There was silence in the study for a moment. ‘Dead?’
‘Sadly.’
‘Who was he?’
‘You knew him, I think. Quintus Aemilius Silvanus.’
‘Silvanus? He was meant to be coming here tonight! I didn’t even know he was out of the city!’ It sounded, just for a moment, like Tullus was more annoyed at having to change his seating plan than shocked at the man’s death. But Cadmus knew that his master would take it heavily. Silvanus was a scholar, like Tullus – younger than him, but still one of his few really close friends. He’d been due to read from his Argona
utica after dinner, an epic poem he had been working on for years. Cadmus had been rather looking forward to it.
Tullus sighed. ‘Gods above. How did it happen?’
‘A fever, I think. Something he caught on his way to the excavation.’
Excavation? What did he mean by that?
‘And the emperor is certain he would like me to replace him?’ said Tullus.
‘Sadly Silvanus’s research was destroyed in the hours before he died. Burnt by Silvanus himself. Or by one of his slaves, perhaps. At any rate, we need to start from scratch, and you come highly recommended. By Silvanus himself, I believe.’
There was a long and strained pause.
‘I cannot,’ said Tullus, very quietly. ‘It is not proper. The gods—’

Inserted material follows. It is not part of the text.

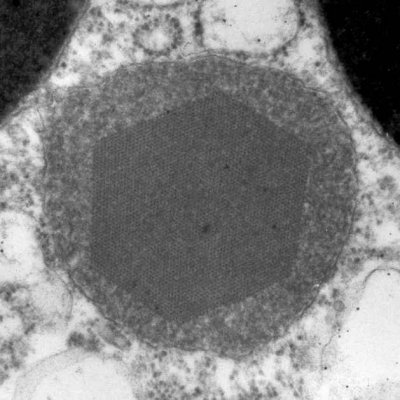 Transmission electron micrograph of a peroxisome from the marine snail Gibulla umbilicalis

‘Nero is your god. You need to ask yourself whose displeasure you would rather risk: Jupiter’s, or Nero’s.’
‘Don’t force me to make that choice, Epaphroditus. Look at me. I’m an old man. I have no more hair to lose. Does he really think a frame like this is up to the task? Look what happened to Silvanus – and he was younger than me!’
‘He thinks you are the only person who is up to the task. With greater age comes greater wisdom. You are a scholar without equal, especially in this area of research. Or so Silvanus said.’

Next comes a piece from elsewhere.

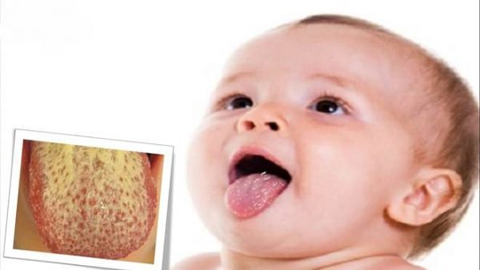 Nấm miệng ở trẻ sơ sinh biểu hiện chủ yếu trên bề mặt lưỡi với những mảng bám có màu trắng lâu ngày chuyển sang màu vàng.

‘But I haven’t given this sort of thing any thought for decades. Silvanus was the real expert.’ Tullus paused. ‘I respectfully ask, if I may, that Nero lets me live out my few remaining years in peace.’
Cadmus was surprised at the firmness in his master’s voice. He never would have thought the old man had the kind of backbone to turn down the emperor – he saw that backbone daily, and it was bent and arthritic from too much time in his library.

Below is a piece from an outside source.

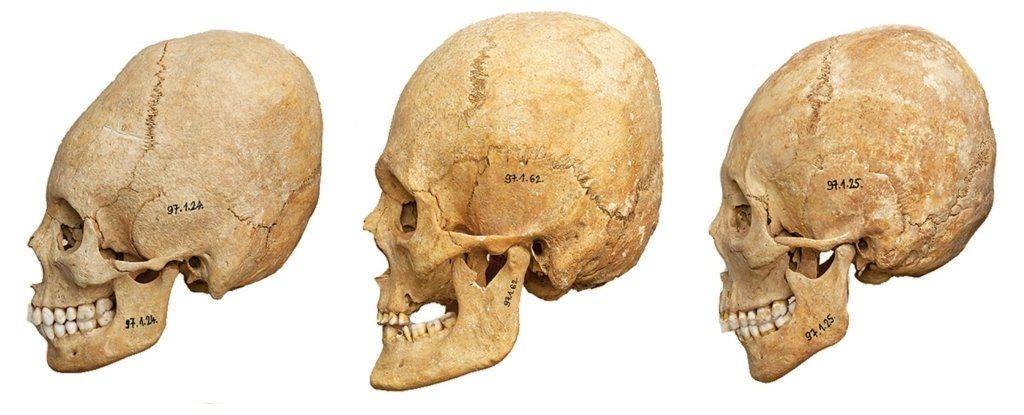 Click to enlarge cranial modification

The Greek man laughed unpleasantly through his nose.
‘I was assured you would be stubborn. Hence the gift.’
‘What is it?’
‘An incentive. Not yours to keep. The gift is simply to lay your eyes upon it.’
There was the sound of the praetorians shuffling around in their armour, then two heavy clunks as the clasps of the strongbox were opened. A voice inside Cadmus’s head screamed at him to look. No, he couldn’t risk it. Tullus wouldn’t punish him if he were caught, but this visitor had a cruel look about him. And if Nero himself found out that a slave had been eavesdropping on official imperial business . . . Well, he’d be lucky to get away with crucifixion.